* [Your assignment]:
Set down, exactly as written, the line containing "pärlhalsband 2 - LILA/ROSA" and all the lines that follow it to the end of the entries below, omitting every picture.

* [Provided material]:

-------

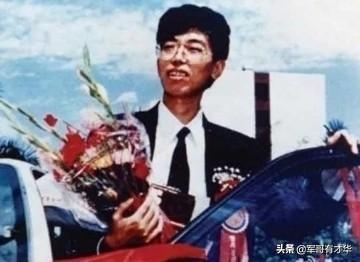 营销鬼才史玉柱：从亿万富翁到负债累累，再到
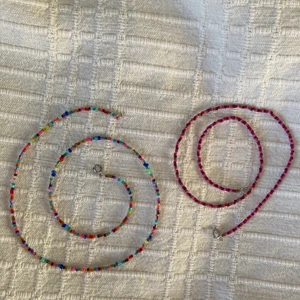 pärlhalsband 2 - LILA/ROSA SÅLT Färgglada pärlhalsband, det med flera färger funkar som armband också! båda för 100kr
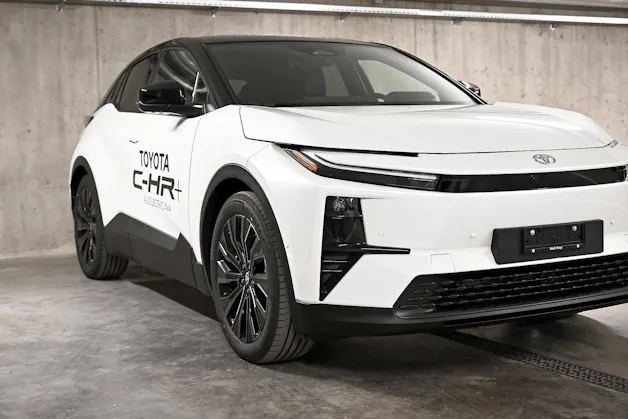 Toyota C-HR+ Premium AWD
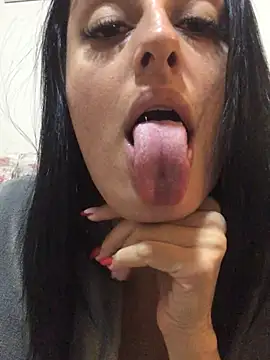 Snapshot of Catmila94 chatting on May 13, 2026, 2:31 am Catmila94 online show from May 13, 2026, 2:31 am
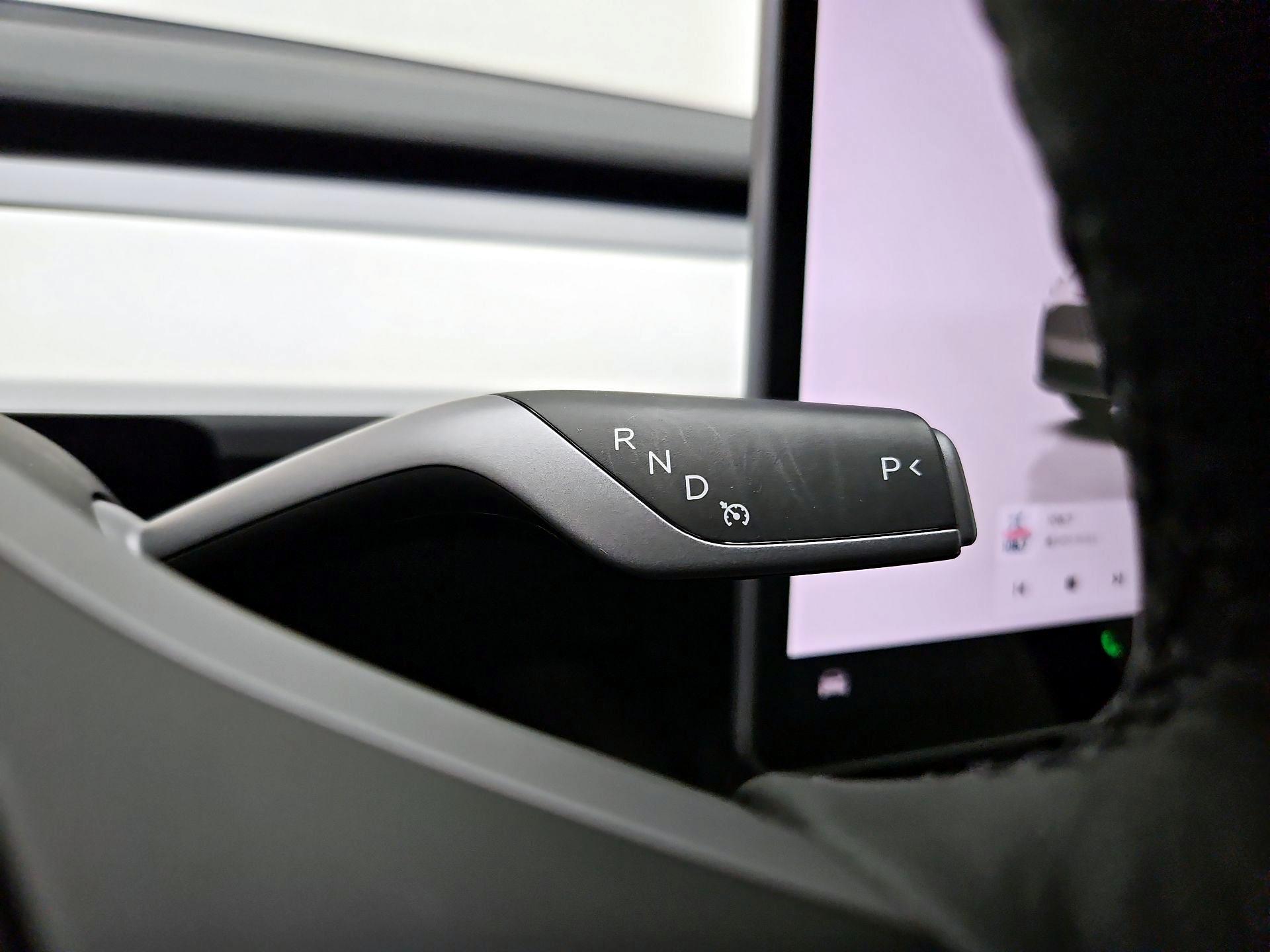 Thumbnail: 2022 Tesla Model Y - 17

-------

* [Answer for the task]:
 pärlhalsband 2 - LILA/ROSA SÅLT Färgglada pärlhalsband, det med flera färger funkar som armband också! båda för 100kr
 Toyota C-HR+ Premium AWD
 Snapshot of Catmila94 chatting on May 13, 2026, 2:31 am Catmila94 online show from May 13, 2026, 2:31 am
 Thumbnail: 2022 Tesla Model Y - 17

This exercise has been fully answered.